Desde 2004 temos desenvolvido estudos e atividades envolvendo a educação escolar em contextos indígenas, o que tem demandado uma maior leitura e compreensão na relação educação e antropologia social. Nosso campo de trabalho tem sido, sobretudo a região central do Estado de Rondônia, uma pequena parte da Amazônia brasileira, que possui em seu território cerca de 38 etnias indígenas além dos povos isolados. Nosso contato tem sido principalmente no município de Ji-Paraná, com as etnias Arara e Gavião, habitantes da Terra Indígena Igarapé Lourdes.
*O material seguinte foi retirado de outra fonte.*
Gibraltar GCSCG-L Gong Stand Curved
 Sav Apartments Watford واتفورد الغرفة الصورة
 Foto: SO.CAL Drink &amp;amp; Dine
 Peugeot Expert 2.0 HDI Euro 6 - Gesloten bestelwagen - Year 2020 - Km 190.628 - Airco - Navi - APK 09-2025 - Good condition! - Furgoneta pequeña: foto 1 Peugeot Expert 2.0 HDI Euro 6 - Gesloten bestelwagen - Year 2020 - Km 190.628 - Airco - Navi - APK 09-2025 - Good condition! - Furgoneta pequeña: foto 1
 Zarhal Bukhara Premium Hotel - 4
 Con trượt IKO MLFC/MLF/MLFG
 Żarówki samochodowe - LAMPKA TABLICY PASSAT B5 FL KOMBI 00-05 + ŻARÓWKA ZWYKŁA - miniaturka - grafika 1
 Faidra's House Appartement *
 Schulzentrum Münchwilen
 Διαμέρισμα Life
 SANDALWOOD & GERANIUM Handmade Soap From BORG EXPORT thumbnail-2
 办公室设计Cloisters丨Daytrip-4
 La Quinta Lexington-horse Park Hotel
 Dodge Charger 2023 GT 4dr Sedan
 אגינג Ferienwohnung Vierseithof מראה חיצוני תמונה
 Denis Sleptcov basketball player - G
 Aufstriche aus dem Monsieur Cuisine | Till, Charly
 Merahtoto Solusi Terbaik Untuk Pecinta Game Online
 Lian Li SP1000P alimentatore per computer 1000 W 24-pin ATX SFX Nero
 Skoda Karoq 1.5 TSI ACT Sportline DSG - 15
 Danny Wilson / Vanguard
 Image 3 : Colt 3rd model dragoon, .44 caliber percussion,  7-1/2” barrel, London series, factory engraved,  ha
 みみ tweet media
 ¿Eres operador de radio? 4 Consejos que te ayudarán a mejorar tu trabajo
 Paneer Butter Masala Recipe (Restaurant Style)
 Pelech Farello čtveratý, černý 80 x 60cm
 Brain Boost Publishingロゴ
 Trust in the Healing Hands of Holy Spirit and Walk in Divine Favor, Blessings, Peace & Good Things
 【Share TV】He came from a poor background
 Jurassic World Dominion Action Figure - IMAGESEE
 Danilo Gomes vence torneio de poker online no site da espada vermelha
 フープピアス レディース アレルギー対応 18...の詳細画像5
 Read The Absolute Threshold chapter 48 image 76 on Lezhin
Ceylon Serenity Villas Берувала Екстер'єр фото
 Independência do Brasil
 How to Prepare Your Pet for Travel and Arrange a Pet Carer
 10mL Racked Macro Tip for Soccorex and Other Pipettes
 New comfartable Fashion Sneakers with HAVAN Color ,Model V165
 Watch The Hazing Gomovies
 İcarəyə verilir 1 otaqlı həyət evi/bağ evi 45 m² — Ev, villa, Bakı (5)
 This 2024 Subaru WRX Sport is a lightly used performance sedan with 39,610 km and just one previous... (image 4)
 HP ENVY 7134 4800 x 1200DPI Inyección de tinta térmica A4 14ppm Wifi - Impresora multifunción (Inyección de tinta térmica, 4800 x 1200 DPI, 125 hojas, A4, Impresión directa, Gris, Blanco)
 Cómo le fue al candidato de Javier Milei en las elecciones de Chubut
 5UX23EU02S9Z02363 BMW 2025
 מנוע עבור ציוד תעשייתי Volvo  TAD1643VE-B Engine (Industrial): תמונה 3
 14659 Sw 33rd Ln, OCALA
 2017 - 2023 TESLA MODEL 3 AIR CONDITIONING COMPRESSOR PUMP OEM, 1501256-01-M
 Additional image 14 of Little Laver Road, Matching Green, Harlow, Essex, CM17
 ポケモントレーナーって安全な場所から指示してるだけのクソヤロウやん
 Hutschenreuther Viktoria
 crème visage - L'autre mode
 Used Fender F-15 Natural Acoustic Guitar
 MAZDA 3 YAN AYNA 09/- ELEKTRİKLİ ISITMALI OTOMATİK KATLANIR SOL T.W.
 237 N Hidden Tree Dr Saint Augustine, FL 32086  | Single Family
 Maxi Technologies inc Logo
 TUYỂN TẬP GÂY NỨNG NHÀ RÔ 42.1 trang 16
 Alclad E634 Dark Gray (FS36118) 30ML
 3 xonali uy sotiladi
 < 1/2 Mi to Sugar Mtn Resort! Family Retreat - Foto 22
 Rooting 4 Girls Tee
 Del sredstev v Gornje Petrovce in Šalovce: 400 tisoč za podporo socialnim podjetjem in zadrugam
Assim, no intuito de contribuir na produção de trabalhos que levem em conta o contexto amazônida e ainda oferecer uma possibilidade de interlocução junto aos discentes da UNIR com os quais convivo, é que proponho o presente texto, uma sistematização da trajetória da educação escolar indígena no Brasil.

A literatura sobre o caminho percorrido pela educação escolar indígena (SILVA; GRUPIONI, 1995) nos informa que de maneira geral, essa modalidade de educação, pode ser sistematizada em dois grandes momentos: da Educação Indígena Comunitária à Educação Indígena Etnocêntrica, Catequizadora e Integracionista e, desta para a Educação Escolar Indígena Específica, Diferenciada, Intercultural e Autônoma aspectos que discutiremos nesta seqüência:

1.1 – Da Educação Indígena Comunitária à Educação Indígena Etnocêntrica, Catequizadora e Integracionista.

No decorrer da história tradicional dos Povos Indígenas, o processo educativo, ocorria por meio de formas próprias de classificação e ordenamento, onde a responsabilidade pela construção do conhecimento e a socialização da cultura, das tradições, da língua, do jeito de interpretar o mundo, era compartilhado por todos e todas. A forma de comunicar, aprender e ensinar estes saberes – que encerram em si uma série de complexidades, mobilizavam todo o coletivo da aldeia. (RIBEIRO,1982).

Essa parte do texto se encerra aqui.